But what really gives it away is Jubei’s introduction to the first episode, in which she names a few of the girls and says, “But you see, to get strong, they say that all of them require kissing.” Very first episode — duh. Ok, it will be a not-unexpected twist if Hanzo has to kiss Senhime, but under the rules, that should freeze Sen in place. So it’s going to be Munekira giving the oscular power-ups as we go further into the show. Great, the guy gets to be the Green Lantern corp’s, uh, lantern. For certain busty values of Green Lanterns. Opening of episode 2: “In ancient Great Japan, ruling males had a certain special power, the power of Sho. A power that pushes a samurai’s [ability] to their fullest potential. People would call the ultimate samurai who have the power of Sho, ‘Master Samurai’. However, in recent years, a samurai’s [ability] has been waning. There are now only a handful of Maser Samurai remaining.” Note that I inserted “ability” but the word was actually translated as “perpetuity”. This might be important. One confusing aspect is that the air battle took place in the 20th year of the Shouwa period, whereas the bulk of the story is set in the 22nd year of the Heisei period. I’m not sure of the difference — I’d assume WWII Japan vs. post-opening Japan. (But Munekira is obviously toting a modern electronic camera in episode 1, and Sen’s brother is using a modern touch-tone phone in France. Huh? Definite anachronisms.) So how are the girls still around? There’s a reference to gods guarding Greater Japan… does “perpetuity” mean some sort of ascension is being hinted at, so that they’re still around a century later? Or is is not a century? Are we seeing the past, not the future, in the opening?

And does Yagyuu Munekira’s ability to create new Master Samurai mean that there’s a regime change in the offing? His clan teaches swordsmanship to the Tokugawa…maybe the relationship goes a bit beyond that. Could Muneakira and Sen actually be distant cousins, known or unknown?

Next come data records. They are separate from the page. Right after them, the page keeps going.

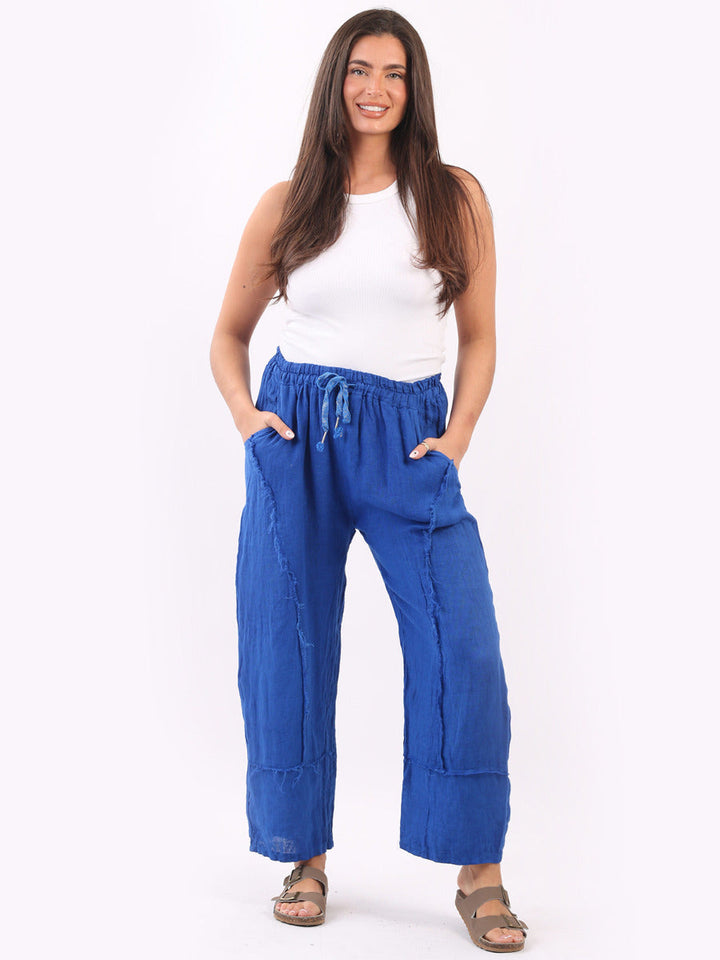 Hopsack Plain Linen Trouser Royal Blue
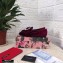 Dolce & Gabbana Velvet Crystals Loafers Slippers Burgundy 2021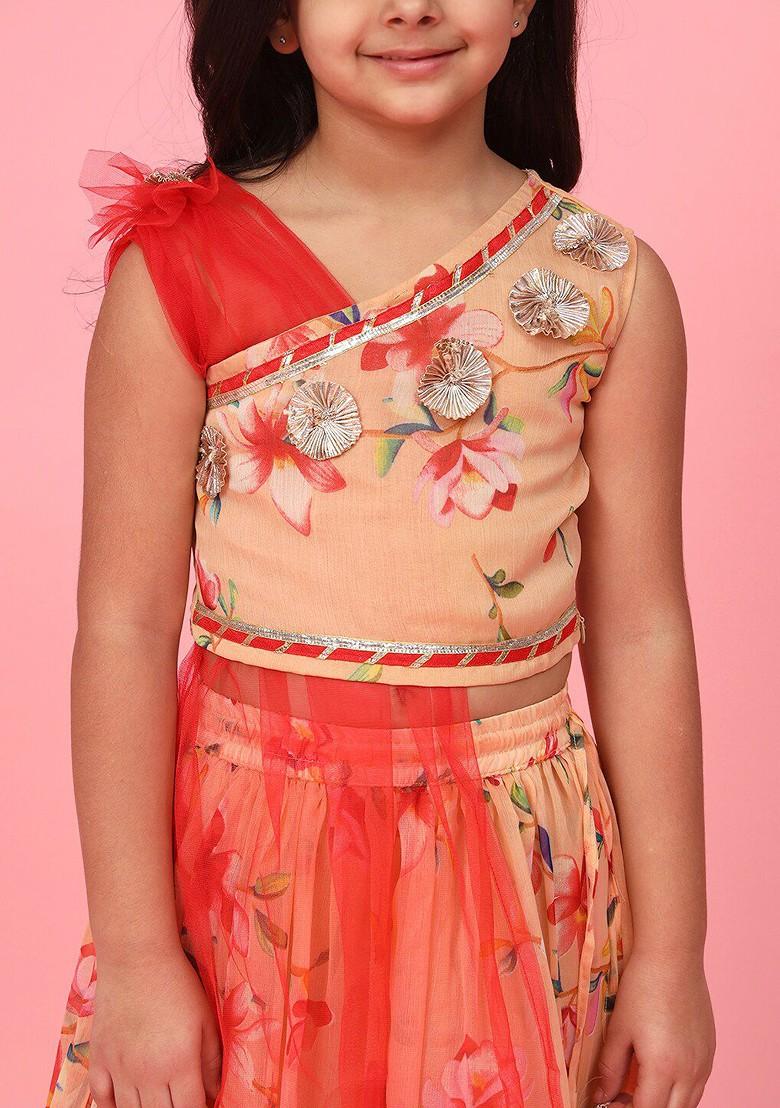 Peach Printed Blended Lehenga Choli For Girls - Indya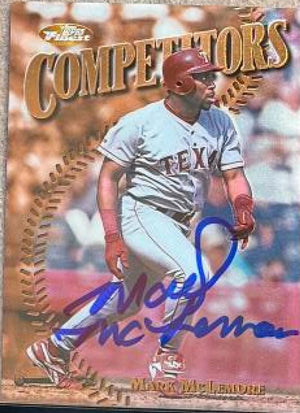 Mark McLemore Signed 1997 Topps Finest Baseball Card - Texas Rangers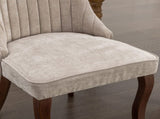 2x Fabric Channel Tufted Dining Chairs with Curved Wood Legs -Beige V226-SW1847BG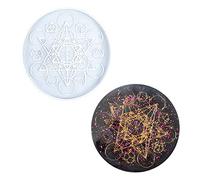 Zayookey Rune Resin Board Mold Silicone Pendulum Mat Mould Epoxy Resin Tarot Divination Mold Orgone Flower of Life Large Coaster Mould for DIY Casting Tray Crafts
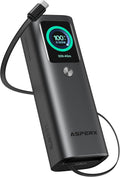 AsperX Laptop Power Bank 20,000mAh 165W - Compact Retractable Charger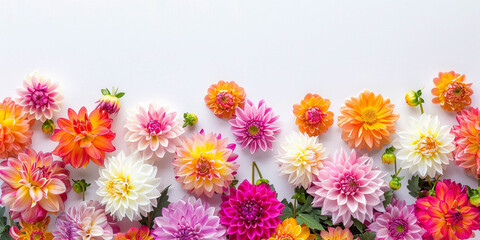 A photo of colorful dahlias creating a bright and cheerful setting for children's art or greeting cards. © alsu0112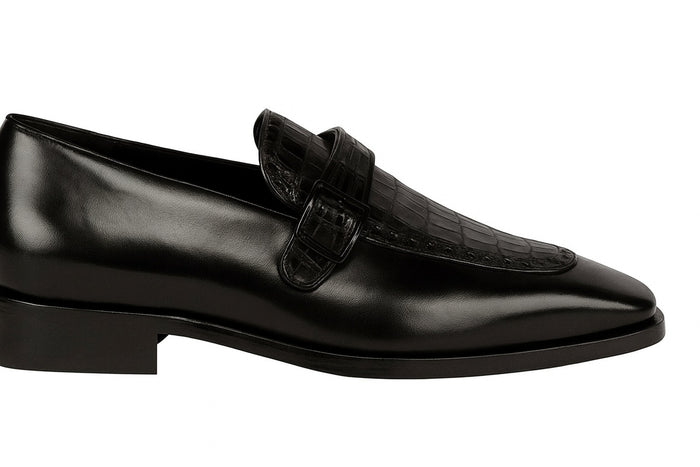 Lombardy Men’s Caiman Belly and Calfskin Monkstrap Dress Shoes, Black and Brown Exotic Formal Shoes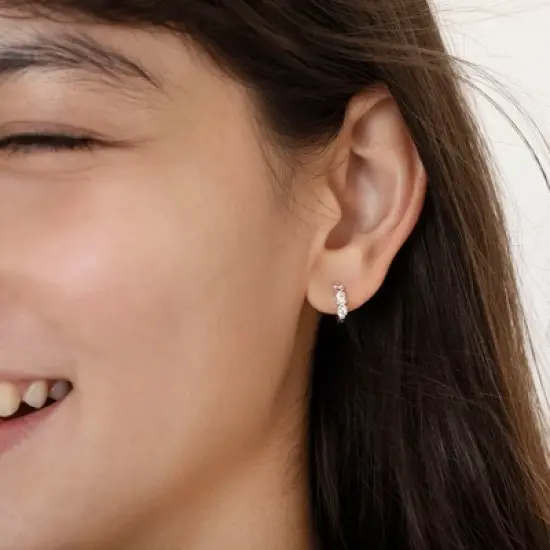 Girls' XOXO CZ Huggie Hoop Sterling Silver Earrings - In Season Jewelry image {2}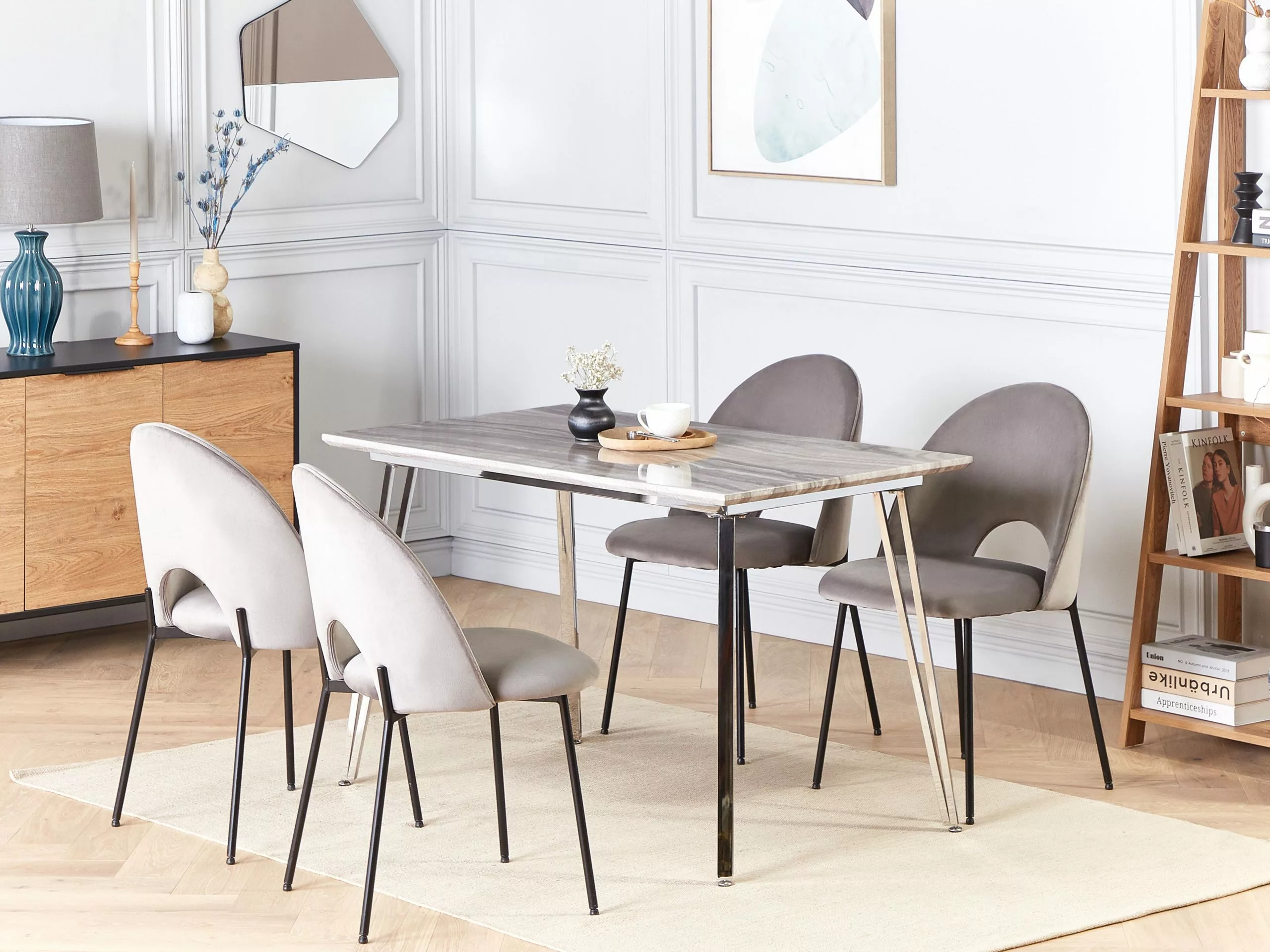 Beliani Ruokapöytä Marmorikuvio Valkoinen/hopea 120 X 70 Cm GREYTON - Image 2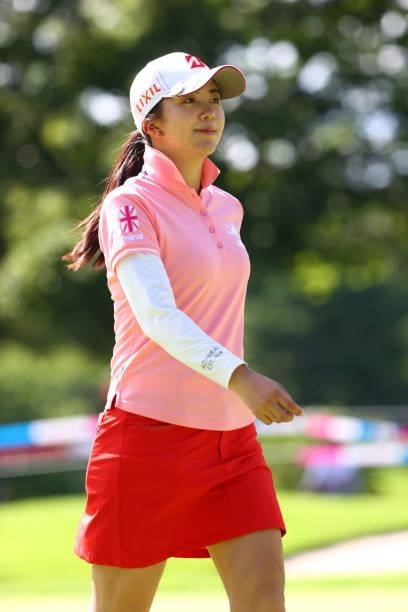 Kotone Hori of Japan reacts after holing out with the birdie on the 18th green during first round of the GMO Internet Ladies Samantha Thavasa Global...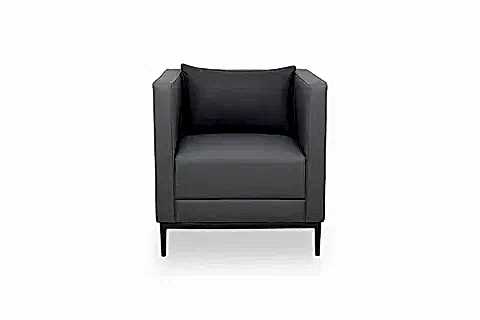 SERDUR SUNİ DERİ SİYAH METAL AYAKLI TEKLİ KANEPE, GRİ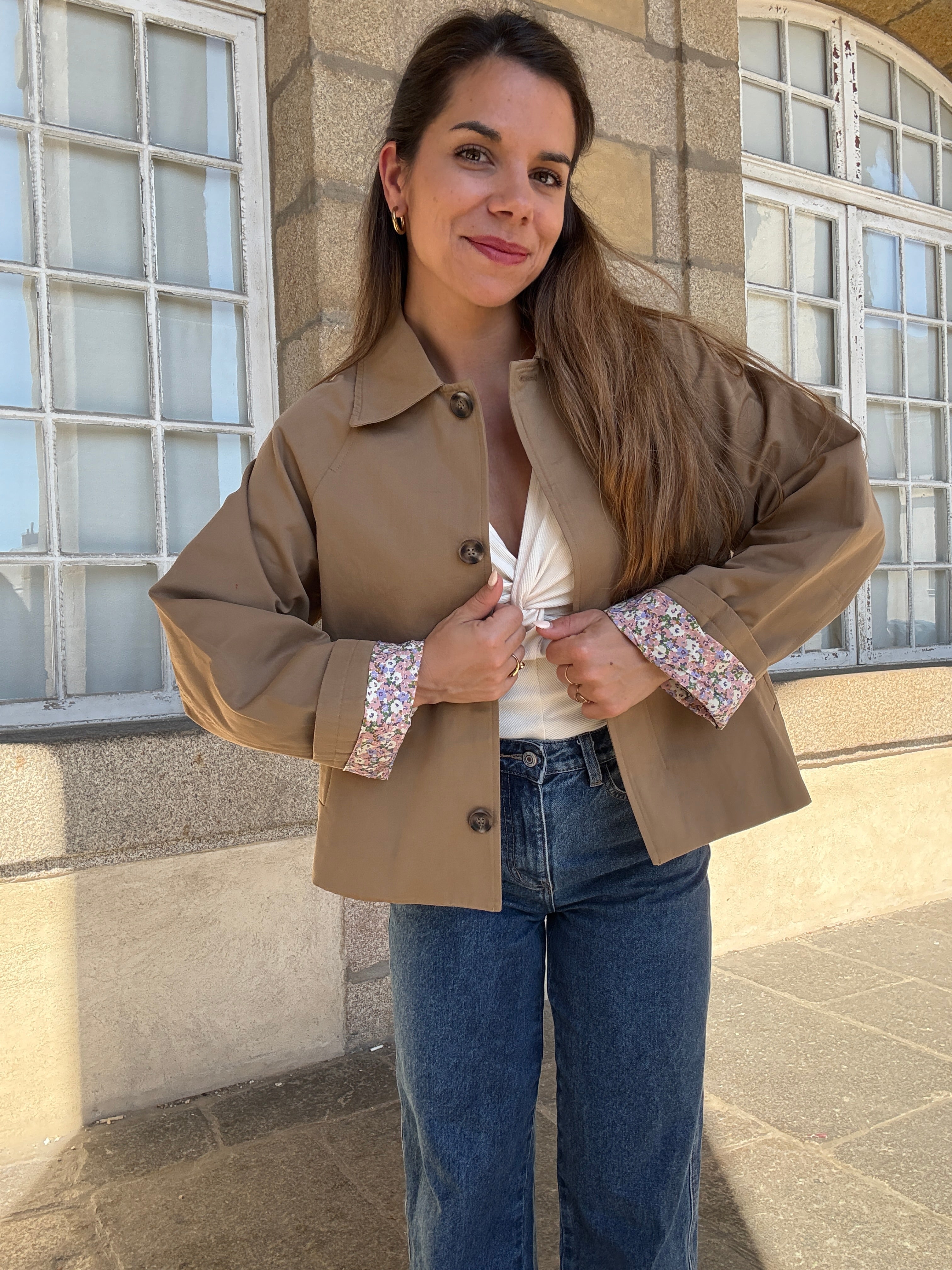 Veste trench Edith en coton Liberty camel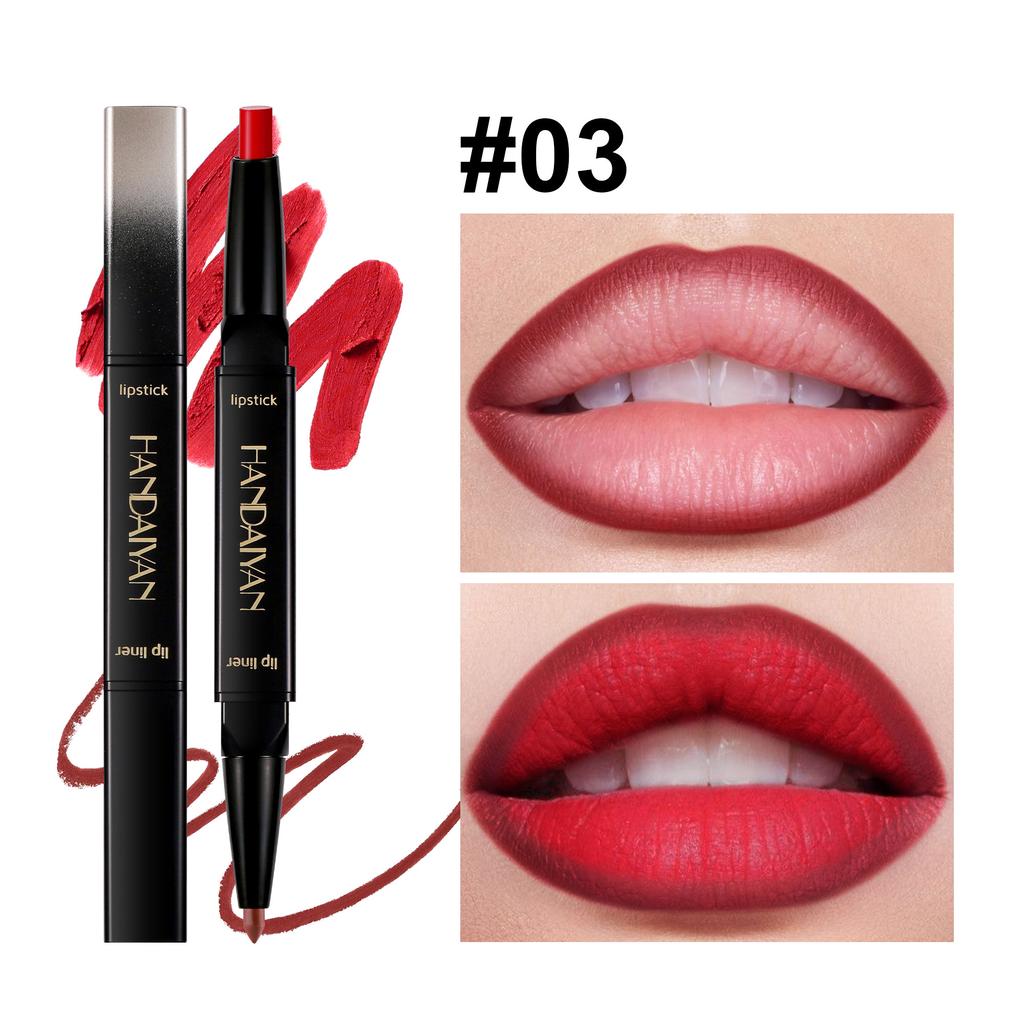 HANDAIYAN 2-in-1 Dual-Ended Lipstick and Lip Liner Pencil, Matte Waterproof Long-Lasting Smooth Pigmented Lip Contour Liner and Lipstick Combo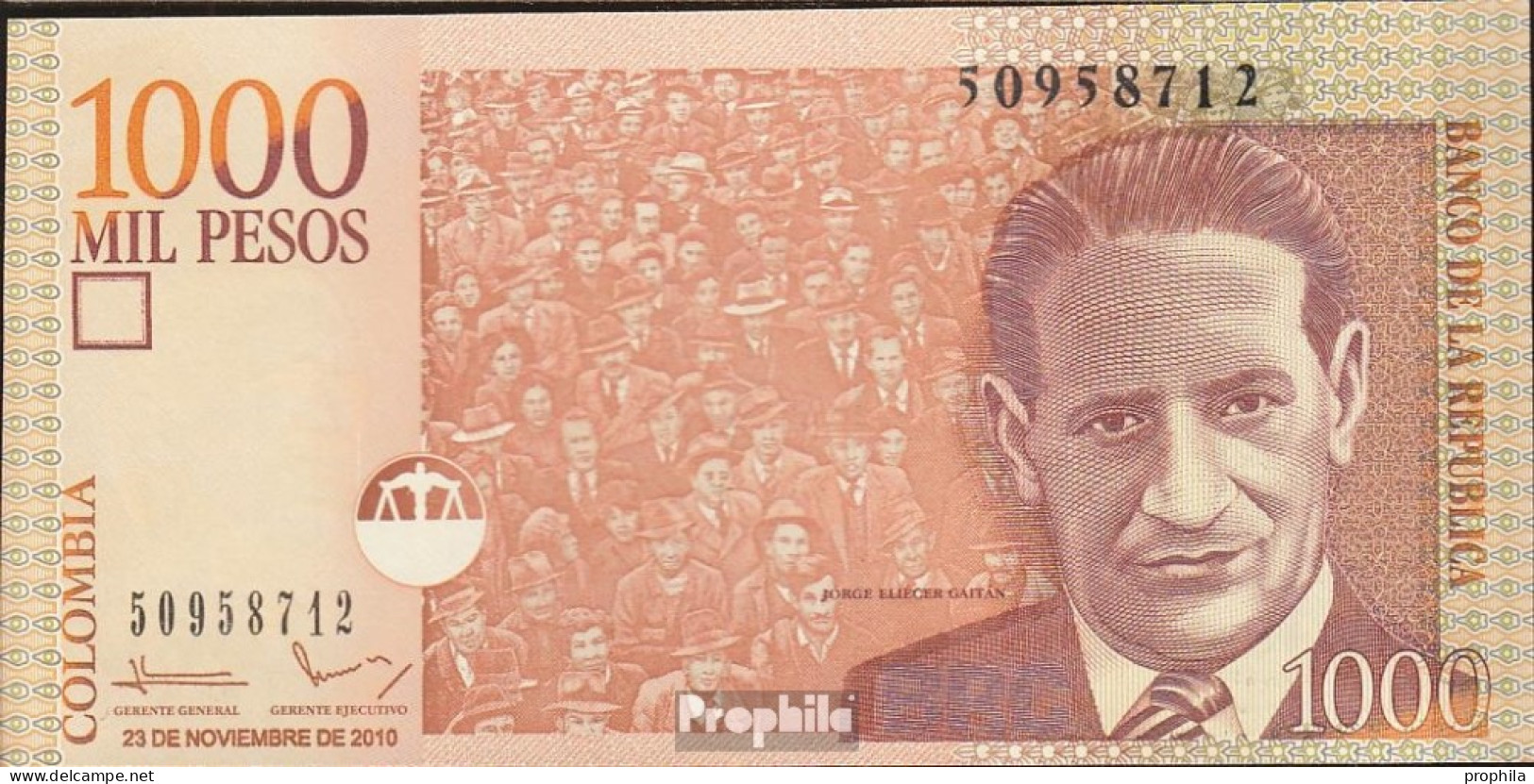 Kolumbien Pick-Nr: 456m Bankfrisch 2010 1.000 Pesos - Colombia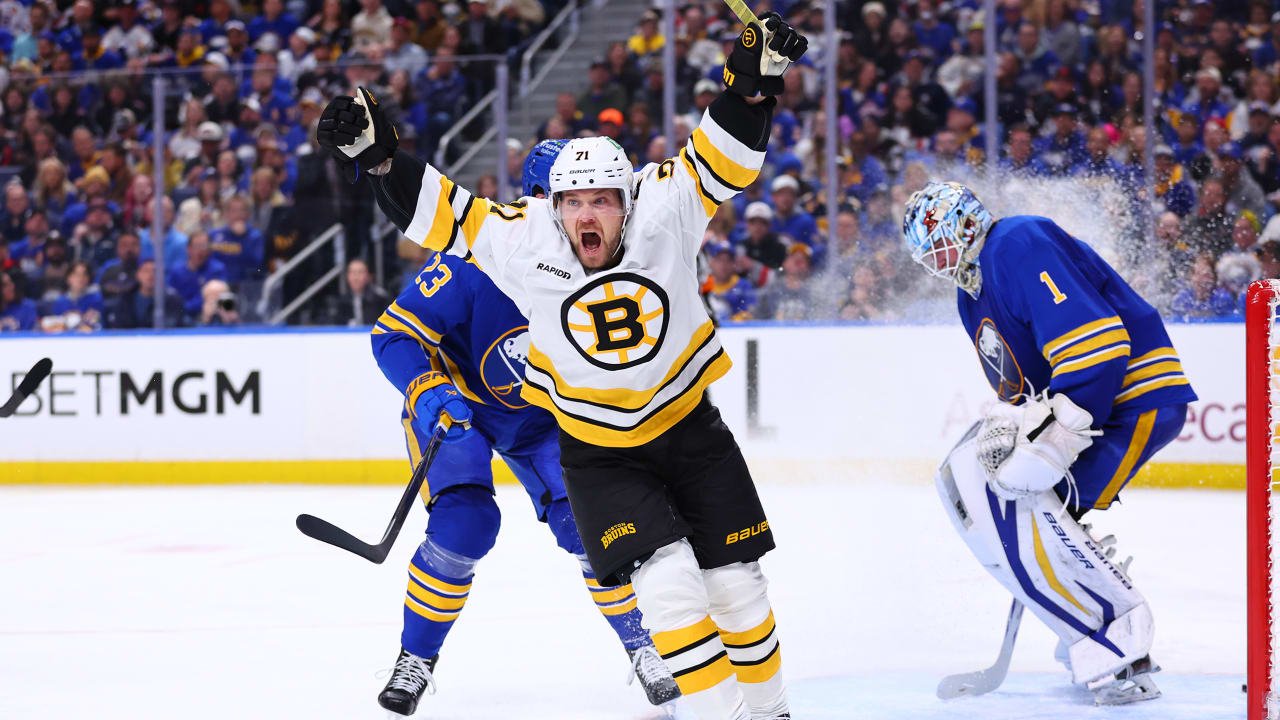 Arvidsson scores twice, Bruins hold off another late Sabres rally in Game 2
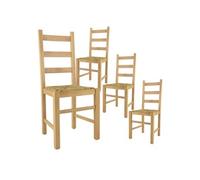 Lot de 4 chaise interieur non empilable non pliable H. 97 cm en bois massif naturel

L to R: Nia (French girl), Sanada, Jubei, unknown episode 5 girl, Hanzo (on top of the engine), Matebei, Sen

Anyway, given that I considered this show to be down below Ikkitousen when I first read about it, I’m surprised that I’m finding it to have genuinely funny moments and a better backstory/setup than “hey, reincarnated high-school age generals from the Three Kingdoms period are going to fight to see who will rule Japan!” It’s not quality entertainment, but it is entertaining me.

While it’s worth watching, I still have to complain about some flaws. Turning Muneakira into a wimpy harem lead cost some points, as did making Sen into a cute flustered tsundere, whereas in episode 1 she looked like twisted, sexy, evil incarnate. Jubei’s ditz mode is also annoying — I’d rather see her in “bottled nitroglycerin mode” but now that she’s shown that she can initiate her own release, well I’d bet that mask isn’t going to stop her. It makes her more of a danger, which is a good thing — it adds needed edginess that they lost by neutering her.

I just wonder how long they’re going to string out Sen before she kisses Muneakira. My guess? Most of the series.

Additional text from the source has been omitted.